Consider India, where in 1967 prime minister Indira Gandhi outlawed corporate contributions to political campaigns. Unfortunately, this removed one of the few legal (and transparent) methods of financing political races. Instead, a network of corrupt patronage and favor-swapping from individual donors became established. For example, politicians started receiving massive kickbacks from defense and infrastructure contracts.
The law set public campaign contributions so low, that politicians turned to so-called “unaccounted” funds, which largely means money from criminals. In fact, many of the candidates are criminals themselves, who dole out their ill-gotten money in return for votes.
More than a third of the candidates in a recent election were facing criminal charges, including for murder, rape, kidnapping, and extortion. Many of these criminals win their elections. Of the 545 members of India’s lower house in Parliament, 162 have criminal charges against them.
Of course, India is not the US, but there is still a lesson here. I’m not sure if campaign finance reform will solve the problem, since people will always find ways to get around the law to get money. I think a better first step would be to allow unlimited donations (even from corporations), but enforce complete transparency.
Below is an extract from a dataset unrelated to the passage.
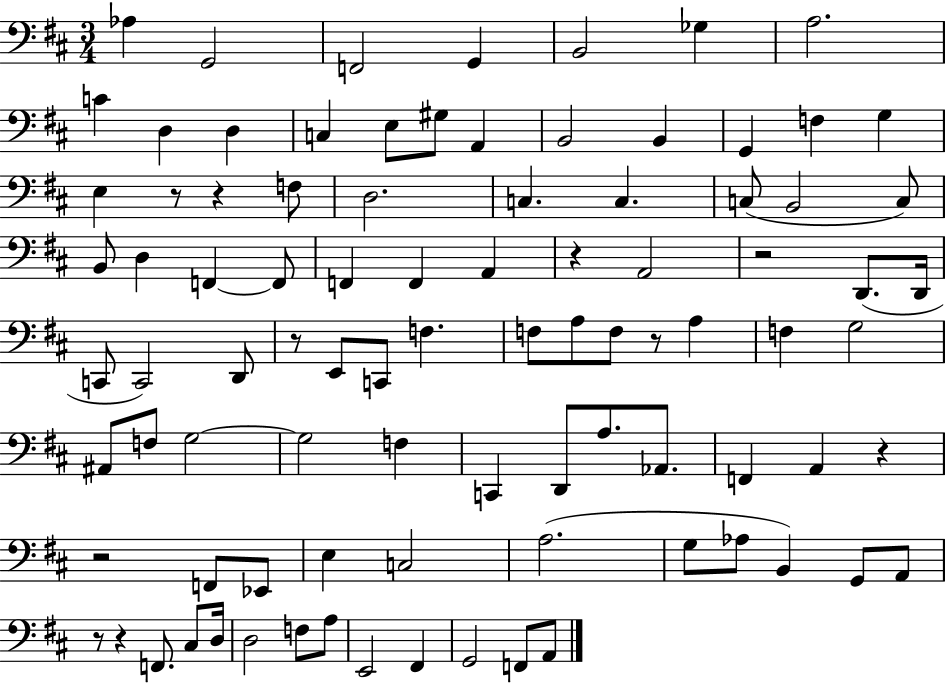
Ab3/q G2/h F2/h G2/q B2/h Gb3/q A3/h. C4/q D3/q D3/q C3/q E3/e G#3/e A2/q B2/h B2/q G2/q F3/q G3/q E3/q R/e R/q F3/e D3/h. C3/q. C3/q. C3/e B2/h C3/e B2/e D3/q F2/q F2/e F2/q F2/q A2/q R/q A2/h R/h D2/e. D2/s C2/e C2/h D2/e R/e E2/e C2/e F3/q. F3/e A3/e F3/e R/e A3/q F3/q G3/h A#2/e F3/e G3/h G3/h F3/q C2/q D2/e A3/e. Ab2/e. F2/q A2/q R/q R/h F2/e Eb2/e E3/q C3/h A3/h. G3/e Ab3/e B2/q G2/e A2/e R/e R/q F2/e. C#3/e D3/s D3/h F3/e A3/e E2/h F#2/q G2/h F2/e A2/e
All money used for political purposes, whether for political campaigns, political parties, or even just issue advocacy, should be publicly traceable to the donors. In addition, the Government Accounting Office should publish information for each bill, detailing who will benefit from the bill and how much money they have spent on political activities. It will be like race cars, which bear the stickers identifying their sponsors.
It may be impossible to eliminate money in politics, so the next best thing would be to make it transparent.